Thanks guys for the quick response. Rob, I do have a vpn setup through Cisco and it works beautifuly, but this user does not feel like using it because he does not want to copy files back and forth, and since he is hi up there, (if you know what I mean) I have to accomodate him. The first solution looks good. Also a quick question about one of the details. Since in the office I have dynamic ips setup. Do I have to setup a static IP on his machine or can I have the port forwarded to the computer name? I have a cisco router and firewall and both are managed, so I have to know what to tell them. Also the port number you mention 3395, can it be like 3000 or 4000 or what is the range that I can use? Thanks again guys
How do you feel about using LogMeIn.com? It will get you in and all you need is a firewall rule to allow only logmein over that port. Then you client will be able to use it ANYWHERE.
You will have to assign the user a static IP, or what I do is use DHCP reservations. The reservation allows for central management and you don't need to statically assign the PC an IP. If you need clarification on the reservations let me know.

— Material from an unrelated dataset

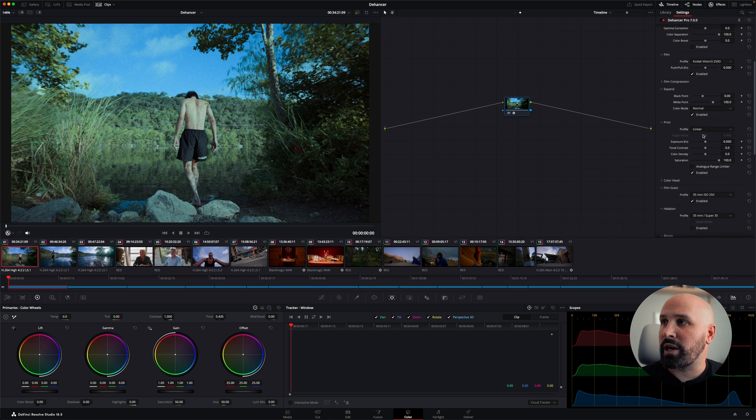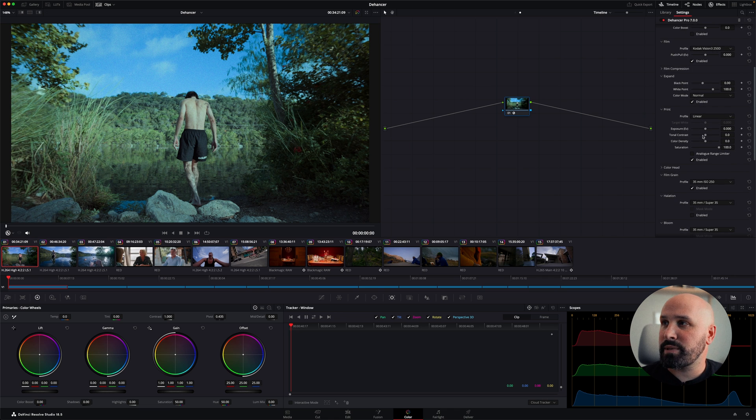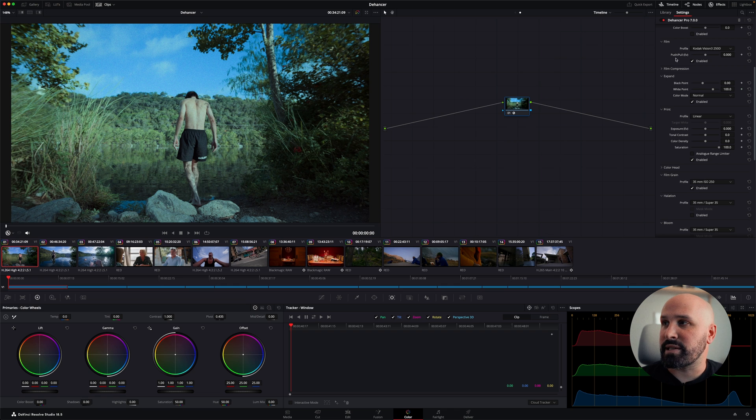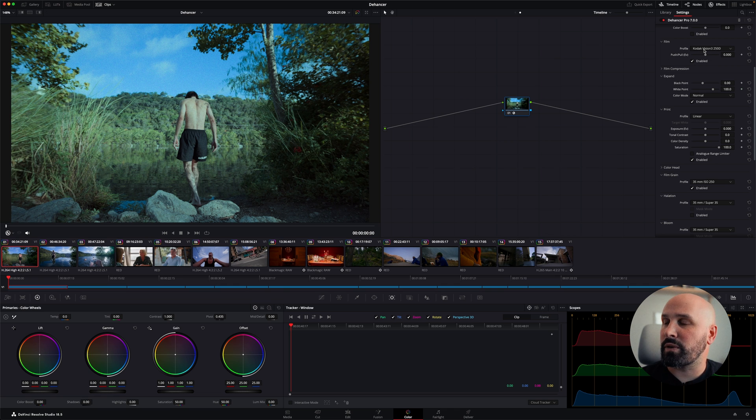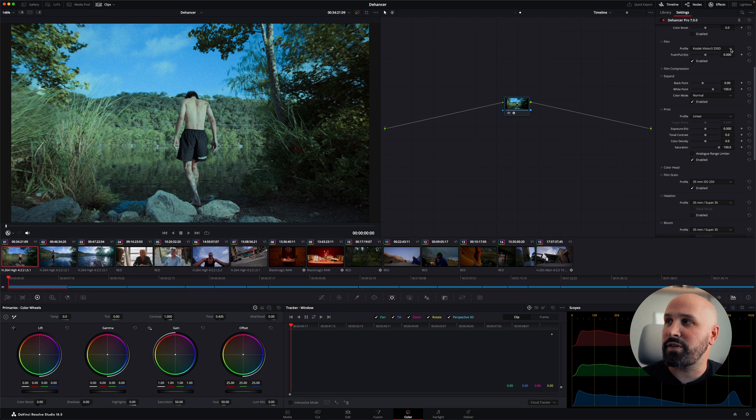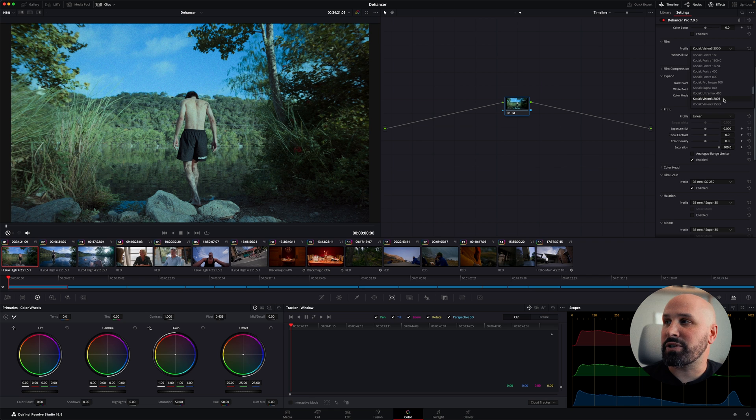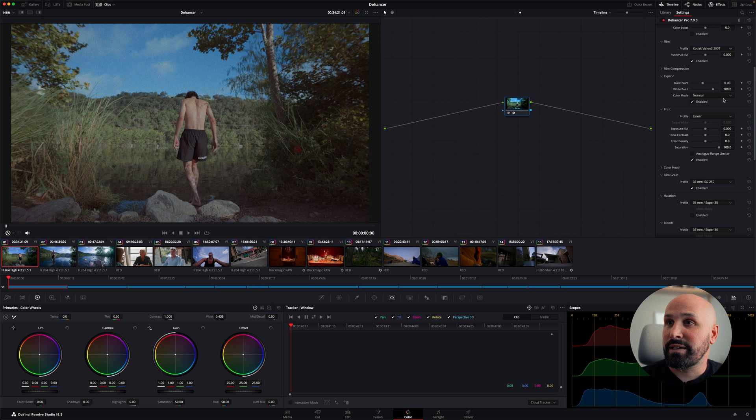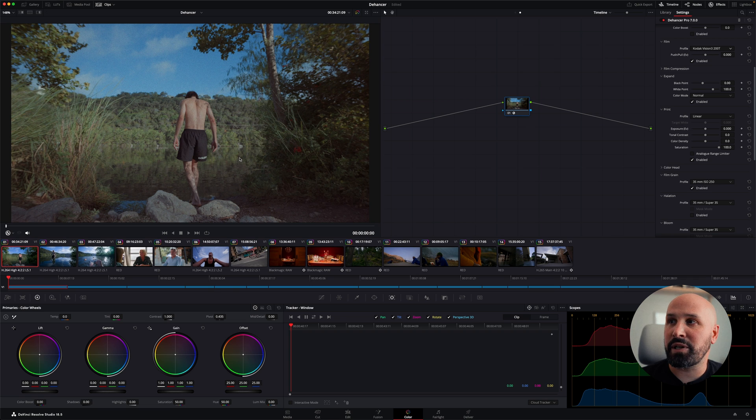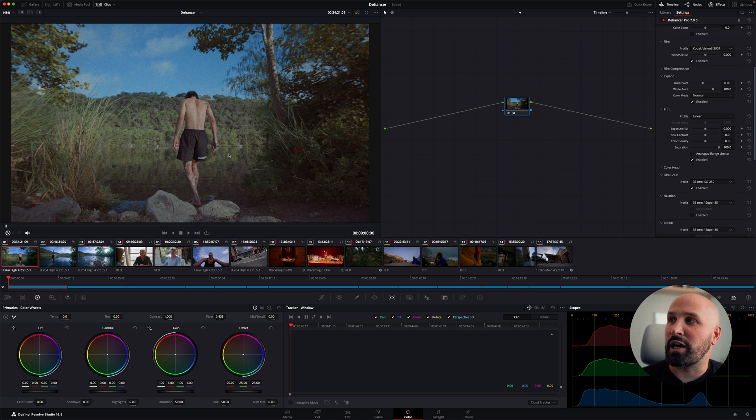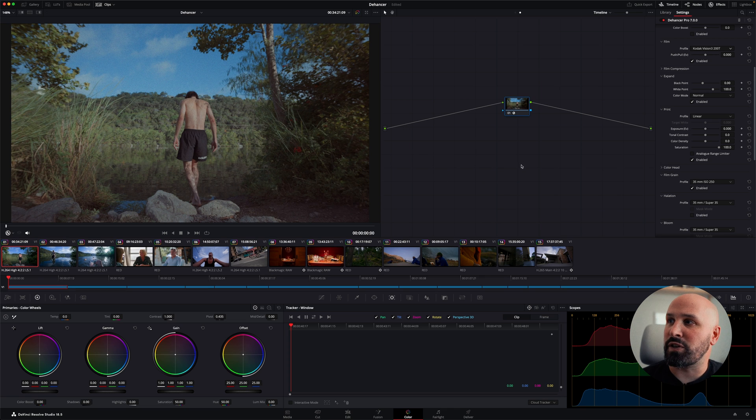But where I do start to use the things inside Dehancer is under my film setting. So it defaults currently to Kodak Vision 3 250D. One of my go-tos is Kodak Vision 3 200T. This actually gives you a much warmer starting point for your image. It works really great for daylight footage, which is what this is, even though it is a tungsten balanced film.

You can use most any port for redirection, so long as it doesn't conflict with an existing service. I have never found it a problem, but there are articles that say when redirecting ports they should be separated by 1 port number. I.e. use 3389, 3391, 3393
I am not very comfortable with Cisco's but with many good routers you have another option. You can forward an external port to a different internal port. For example you tell the user to connect to 123.123.123.123:3395 but on the router you forward external port 3395 to internal port 3389 on the client PC. Eliminates the need to change the listening port and a year from now when you forgot you did that, you won't be trying to figure out why you can't connect to the default port 3389 internaly :-)
Using the Cisco VPN client would be more secure and easier. They don't need to use it for file copying, just remote desktop connections. That way you don't have to configure any port forwarding or change listening ports, just connect to the LAN IP instead of the external IP. If name resolution works over your VPN, you don't even have to set up an IP reservation.